Author Archives: Antranig Vartanian

About Antranig Vartanian

Doing things @ illuria, Inc. Unix, BSD, InfoSec, Elixir/Erlang, DNS, XMPP. Mostly harmless.

Antranig Vartanian

October 31, 2023

Once a month, the WordPress app on my iPhone stops working. Specifically, it stops loading and sending data. It just “hangs” there. I’m honestly considering using the mobile web interface to blog remotely.

I wish there was MarsEdit for mobile…

Any alternatives or suggestions? Maybe I should use the “Post via Email” feature like back in the good old days 🙂

Reply via email.

Antranig Vartanian

October 26, 2023

The following happened in a group chat (technically, XMPP Multi-User Chat)

<inky> @antranigv, looks like the sarian website is broken again

<antranigv> @inky, fixed! It was an SSL/TLS certificate issue

<inky> @antranigv, It seems that now, the bot that cross-posts the submissions from sarian to here is not working

<antranigv> Looks like there’s an issue with Ruby. I have to upgrade it

<tigran> This is how the robot revolution begins!
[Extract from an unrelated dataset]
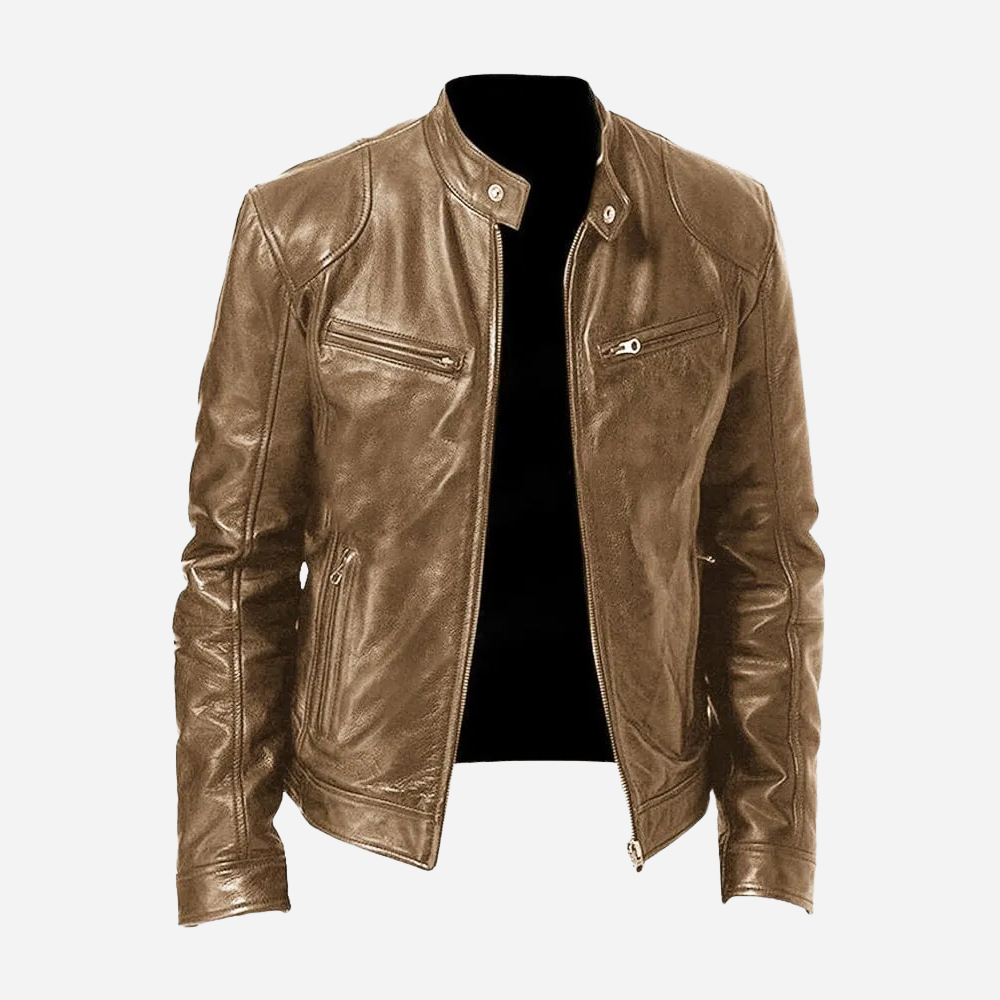 Stijlvolle Herenjas Rocco Modern Design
<inky> If we are going to "do it", it will end just like it starts: one robot will fail because of SSL, the other because of a wrong version of ruby.

I’ve been ROFLing for 3 minutes now… xD


Reply via email.

bhyve CPU Allocation Test for 256 core machine

During the last bhyve weekly call, Michael Dexter asked me to run the bhyve CPU Allocation Test that he wrote in order to see if number of CPUs in the guest makes the system boot longer.

Here’s a post with the details of the test and my findings.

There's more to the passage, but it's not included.